> **WHAT IS REQUIRED**
Your output should be the lines from the one containing "Judy Blue Retro Refresh Dad Shorts" through the last line below, both ends included, exactly as written and free of pictures.

-------- MATERIAL SHOWN

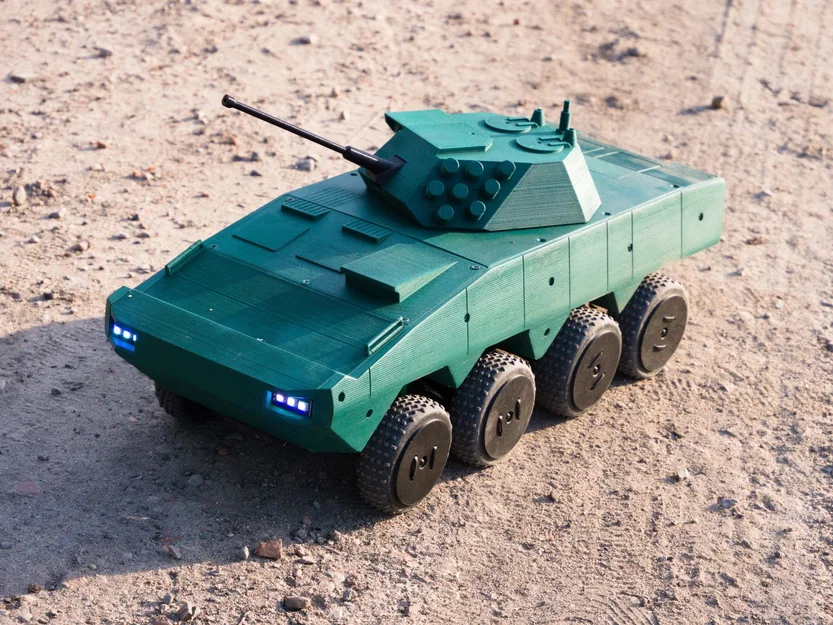 RC 8x8 Rosomak APC – Xe bọc thép địa hình 3D printed 8x8 - Image 2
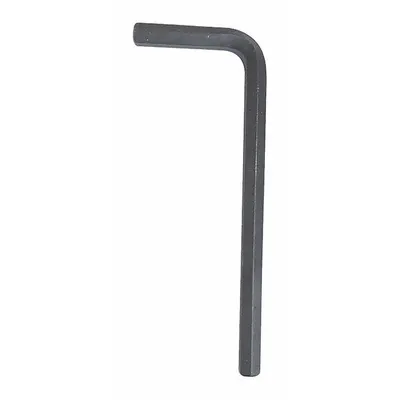 WESTWARD Hex Key: 0 Ball Ends, 6 mm Tip Size, Metric, Short, Alloy Steel, Black Oxide - L-Shaped Hex Keys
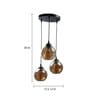 Hampton Black Metal Cluster Hanging Light
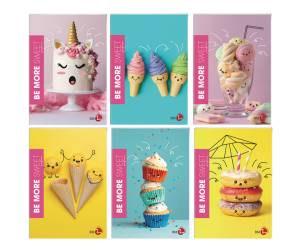 Maxiquaderno Be More Sweet A4,36,2 fogli 100 gr rigo di 3a - 25896 - 2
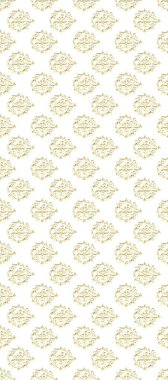 Çiçek kiremitleri. Tekstil baskısı. Tarafsız, gri ve sarı renklerde renk deseni. Renkli elementlerle. Kusursuz desenli oryantal süs. İslam tasarımı.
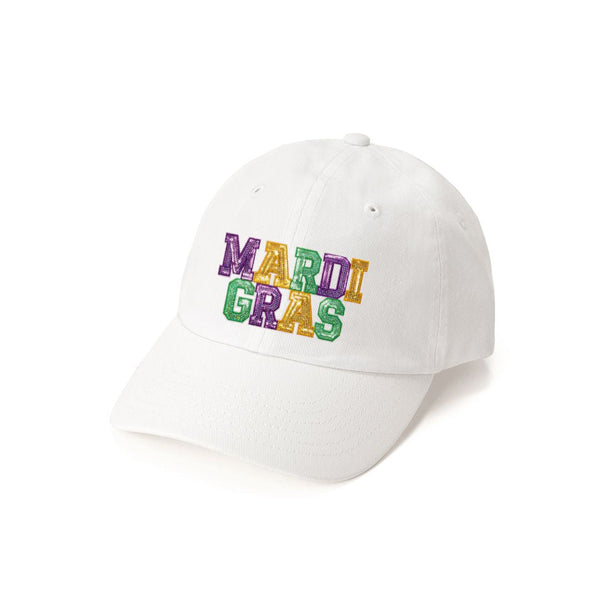 Mardi Gras Sequin Patch Hat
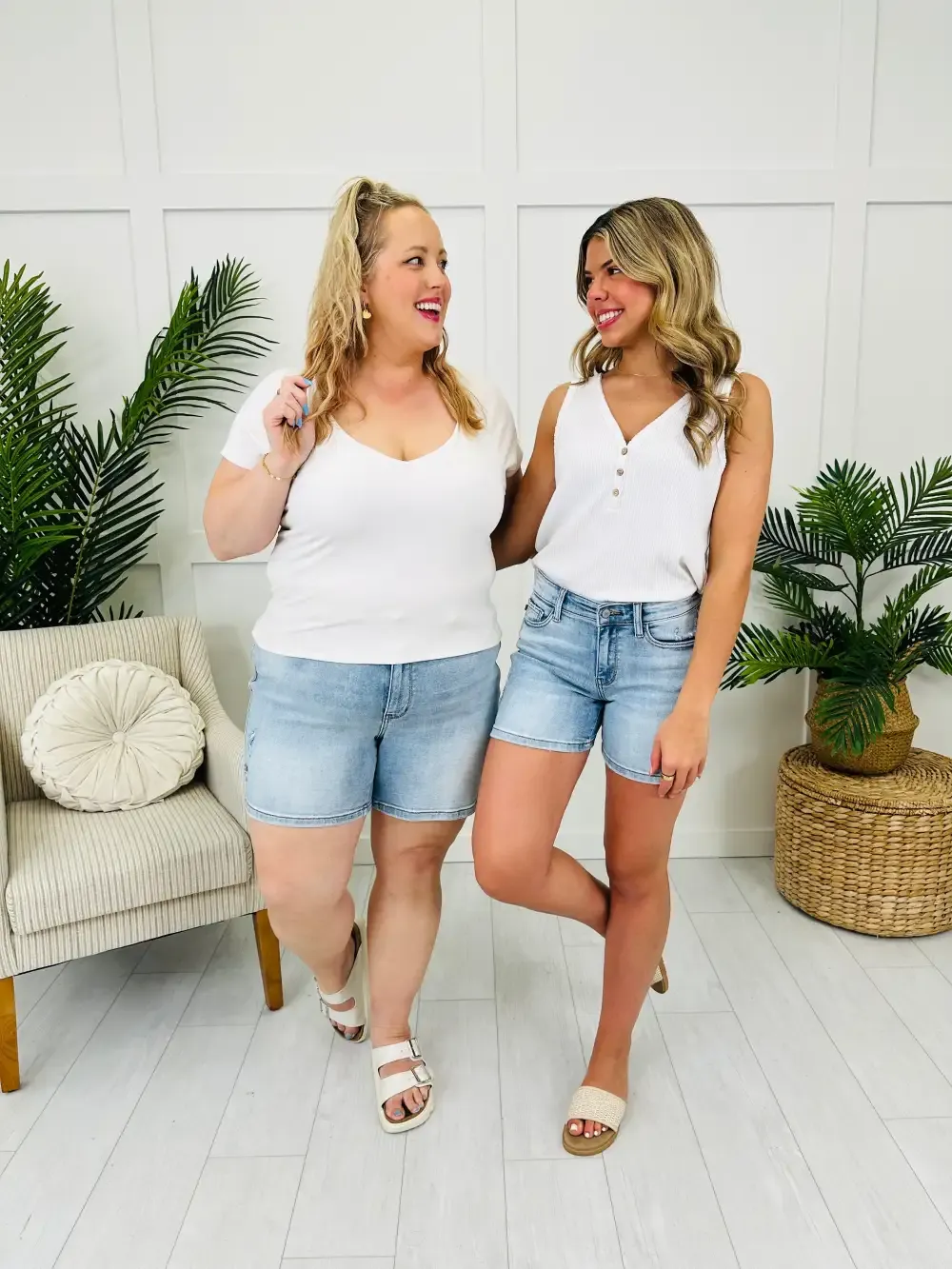 Judy Blue Retro Refresh Dad Shorts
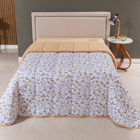 Edredom Cobertor Sonnet Queen Malha Estampada Dupla Face 100%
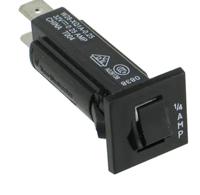 w28-xq1a-025 TE Connectivity Thermal Circuit Breaker - W28  Single Pole 32 V dc, 250V ac Voltage Rating, 250mA Current Rating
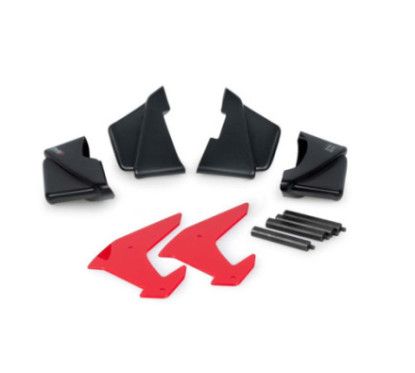 puig side spoiler downforce naked kawasaki z h2 21-25 red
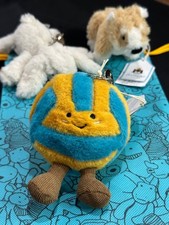 HOT Jellycat Amuseables Volleyball Plush Bag Charm Keychain NWT 2025 Authentic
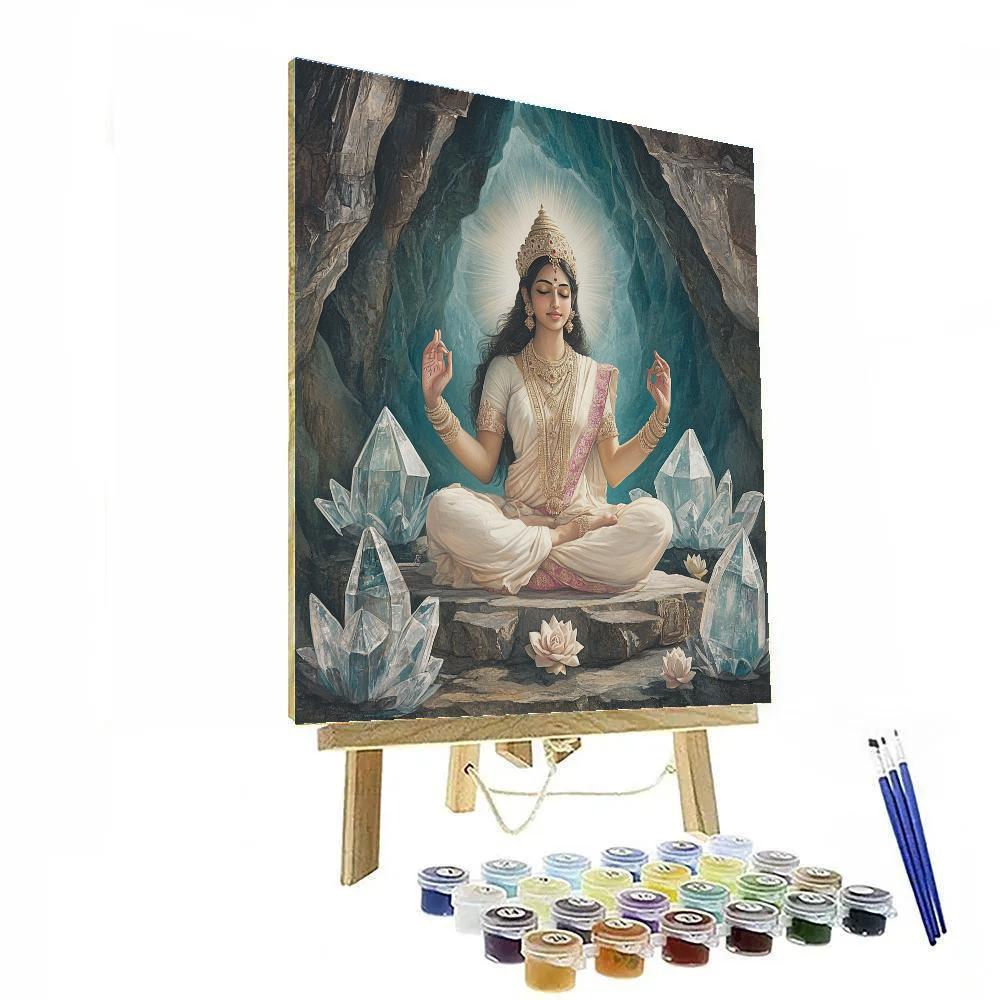 Parvati In The Crystal Cave Of Quiet Vows Paint by numbers kits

----------------

> **SOLUTION TO THIS EXERCISE**
 Judy Blue Retro Refresh Dad Shorts
 Edredom Cobertor Sonnet Queen Malha Estampada Dupla Face 100%
 w28-xq1a-025 TE Connectivity Thermal Circuit Breaker - W28  Single Pole 32 V dc, 250V ac Voltage Rating, 250mA Current Rating
 puig side spoiler downforce naked kawasaki z h2 21-25 red
 HOT Jellycat Amuseables Volleyball Plush Bag Charm Keychain NWT 2025 Authentic
 Parvati In The Crystal Cave Of Quiet Vows Paint by numbers kits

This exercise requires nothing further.